Spacelike separated means that there’s no way to be present at both events, even travelling at the speed of light. Things that are happening in Alpha Centauri “right now” are spacelike separated from us (right now). There is always some frame in which spacelike separated events happen at the same time, but never in the same place. Even weirder, spacelike separated events don’t have an order. Different frames will disagree on which happens first.
So, finally: here’s the issue. If you accelerate like crazy, get a huge rocket or whatever, the highest speed you can get up to is almost the speed of light. The “start” and “stop” events of your journey will always be timelike separated, regardless of how high your acceleration, or how long you accelerate for. Traveling faster than light means that your start and stop events are spacelike separated, and there is no physically real acceleration that can get you to move like that. Most people are willing to forgive that, and say: “Dude, wormholes and warp drives! S’cool!”. But those brave souls still need to contend with the second issue: causality.
Say you’ve got the Enterprise (NCC-1701) and it works just like you’d expect: it cruises around at sub-light speeds until it engages its warp drive, which allows it to move at FTL speeds. It moves from one star system to another, then eventually disengages the drive and “drops out of warp”, no harm no foul. However! When viewed from a different frame, the same situation can be very strange.
The engage and disengage events are spacelike separated, so they don’t actually have an order. From (any one of) the proper frames, the disengage event can happen first (right half of the image above). When that’s the case you find that:
-First there’s one ship, traveling slower than light.
-Then suddenly, and without cause of any kind, two new copies of the ship appear at a place some distance away. One is traveling faster than light, and the other is traveling slower. This event corresponds with the drive being shut down.
-The FTL version travels backward until it contacts the original ship, at which point they both disappear at the moment that the original engages its drive.
Now, sure, ships coming into existence and popping out again may seem bad enough, but the big problem is that FTL travel opens the door to backward time travel (forward is fine: you’re doing it now).
By taking a couple spacelike paths that end earlier than they started you can zig-zag back in time and find yourself in the same place you started, but earlier than the time when you originally left (in the example on the right side of the picture above the route gets you back to before you left, but in a different location).
There are a lot of problems with time travel (see: “Time Cop” and “Back to the Future”). But, paradoxes and amazing one-liners aside, it seems to be very impossible. There is no indication, direct or indirect, that the future can affect the past at all (except for psychics, obviously), let alone that anything can physically move from the future to the past. So; case closed. As long as the future follows the past, nothing can travel faster than light.
But wait! Despite their romantic prospects, physicists are consummate, rarely-say-die, optimists. In that vein they’ve come up with several scenarios that (if real) would allow for FTL travel, but circumvent the whole time-travel thing.

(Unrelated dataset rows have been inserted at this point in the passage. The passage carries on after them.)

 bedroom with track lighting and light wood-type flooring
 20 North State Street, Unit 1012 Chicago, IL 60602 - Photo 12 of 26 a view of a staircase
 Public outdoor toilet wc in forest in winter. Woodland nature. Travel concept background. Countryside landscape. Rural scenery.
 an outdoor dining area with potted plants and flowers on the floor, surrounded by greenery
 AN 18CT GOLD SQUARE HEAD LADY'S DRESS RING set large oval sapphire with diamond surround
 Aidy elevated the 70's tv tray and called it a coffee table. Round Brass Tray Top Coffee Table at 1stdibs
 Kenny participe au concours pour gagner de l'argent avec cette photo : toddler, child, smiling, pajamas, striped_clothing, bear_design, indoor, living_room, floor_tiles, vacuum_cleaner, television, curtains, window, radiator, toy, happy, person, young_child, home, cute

The quickest way is to alter one of the basic assumptions of relativity; namely that all frames are equivalent. Just declare that FTL travel is possible, but only in one direction. That prevents things from zig-zagging into the past, but it also makes space travel kinda boring. Sure you can explore stuff, but you can never get home.
Alternatively, you can declare that there exists one unique frame such that no paths into the past are possible. Although other frames still get weird effects (disappearing ships, and causeless events, and whatnot), nothing can to loop back into its own past. I think this is the idea that most sci-fi shows and books are working with, but that’s meeting them more than half way.